Work required:
Repeat nothing but the lines below running from the one containing "Artist Cullen Washington" to the one containing "3410 Coral Way". Keep both end lines.

Material for this task:
_ _ _ _ _

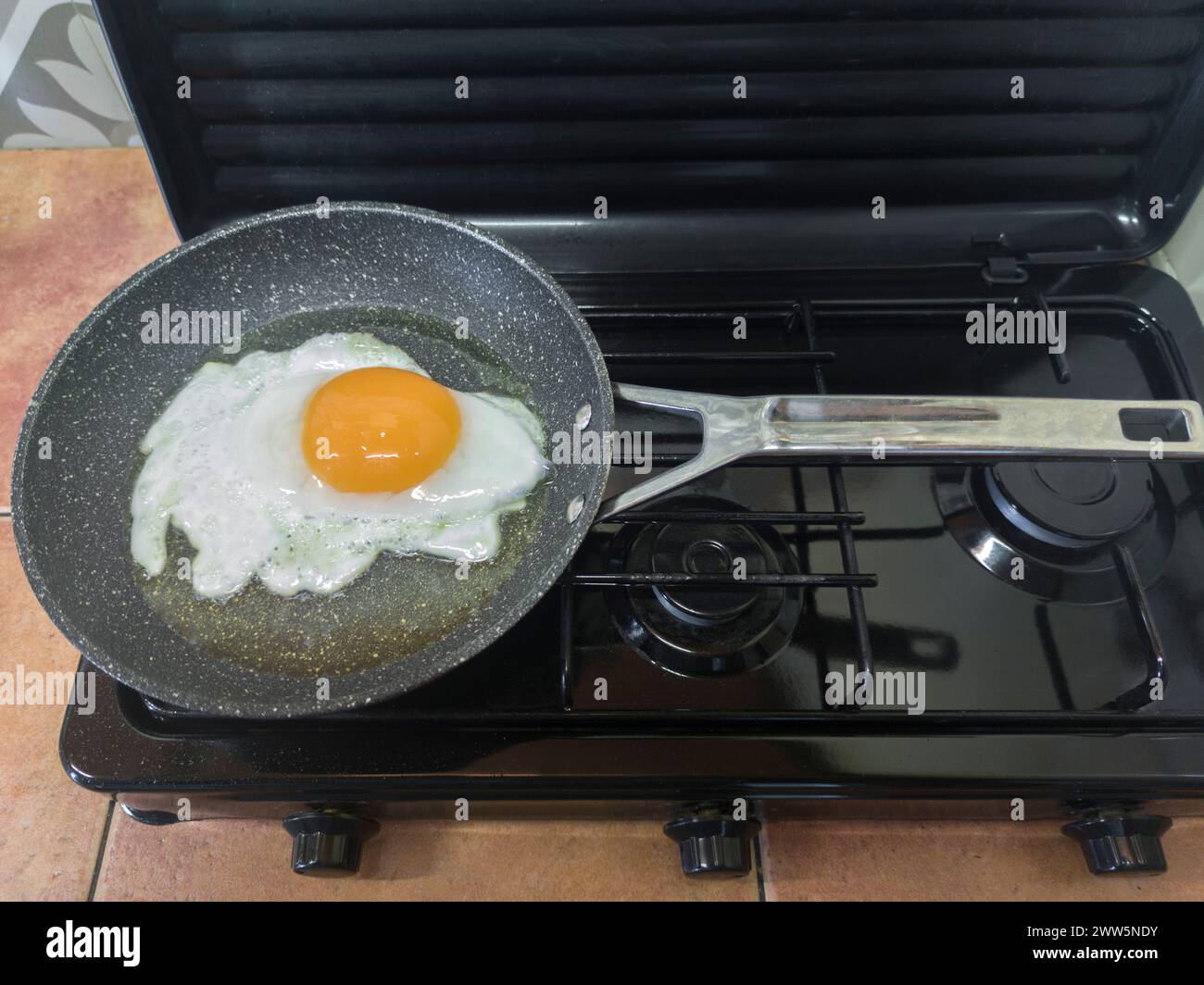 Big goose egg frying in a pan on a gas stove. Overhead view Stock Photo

_ _ _ _ _

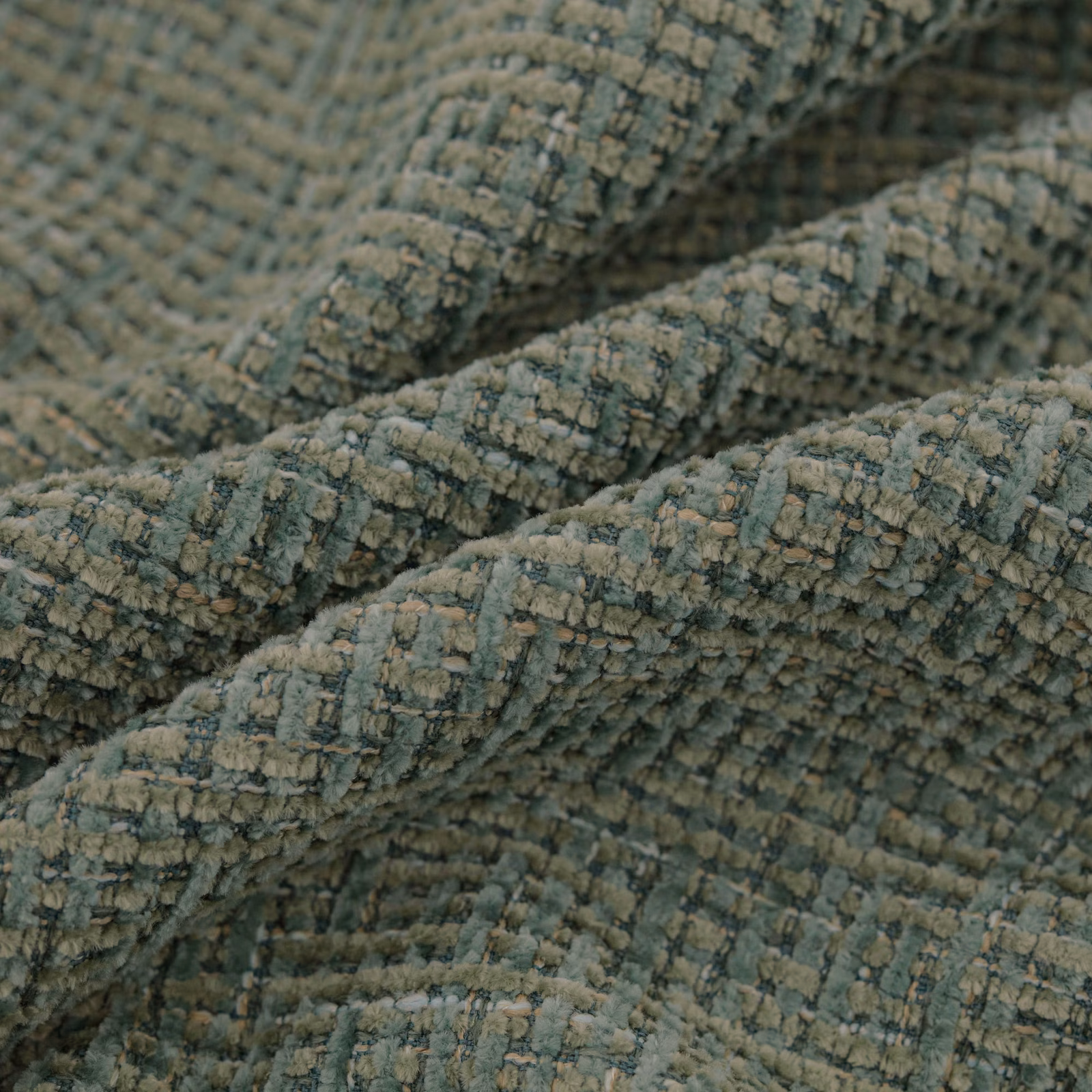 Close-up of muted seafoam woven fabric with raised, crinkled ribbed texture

_ _ _ _ _

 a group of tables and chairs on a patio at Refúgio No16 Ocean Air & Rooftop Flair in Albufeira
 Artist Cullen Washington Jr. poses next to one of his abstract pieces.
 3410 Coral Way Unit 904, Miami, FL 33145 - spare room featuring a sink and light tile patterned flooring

_ _ _ _ _

Task answer:
 Artist Cullen Washington Jr. poses next to one of his abstract pieces.
 3410 Coral Way Unit 904, Miami, FL 33145 - spare room featuring a sink and light tile patterned flooring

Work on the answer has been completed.